ANOVA with Bonferroni correction for multiple comparisons

Loss of MeCP2 Accelerates NMDAR Subunit Switch in PV Interneurons and Delays it in Pyramidal Cells

A potential modulator of this cell-specific development is the methyl-CpG-binding protein, Mecp2. Loss of Mecp2 alters PV circuits in visual cortex, which can be rescued by additional genetic manipulation to reduce GluN2A expression (7). Remarkably, we found that knocking out Mecp2 had opposing effects on NMDAR maturation in the two cell types. PV cells exhibited an atypically fast decay at P30 in the absence of Mecp2, indicating an acceleration of NMDAR development, while pyramidal cells showed immature decay kinetics, indicating a developmental delay (Figure 3C, 3D and Table 1). Interestingly, the developmental expression pattern of Mecp2 was also cell-type specific. We found a larger increase in Mecp2 expression occurred in PV than pyramidal cells between P15 and P30 (Supplemental Figure S2), coinciding with the slower NMDAR maturation in PV cells.

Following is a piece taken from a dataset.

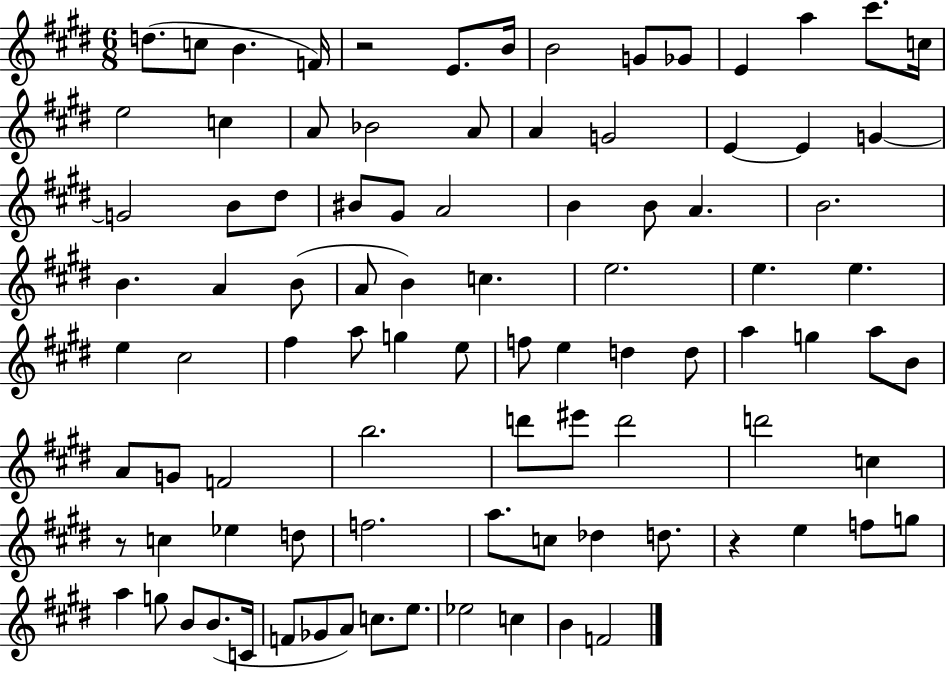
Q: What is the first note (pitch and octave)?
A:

To confirm that the change in decay kinetics was due to altered NMDAR subunit composition, we used the selective GluN2B antagonist ifenprodil (3 µM; 3A and 3B; 17,18). Both pyramidal and PV cells in visual cortex showed a significant reduction in NMDAR-mediated synaptic currents at P15 with ifenprodil; however, at P30, PV cells—but not pyramidal neurons—retained sensitivity to ifenprodil confirming their slower maturational time course during normal development (Figure 4A, 4B and Table 2). In Mecp2-deficient mice, the GluN2B component was undetectable in PV cells at P30 but still significant in pyramidal cells (Figure 4A, 4B and Table 2).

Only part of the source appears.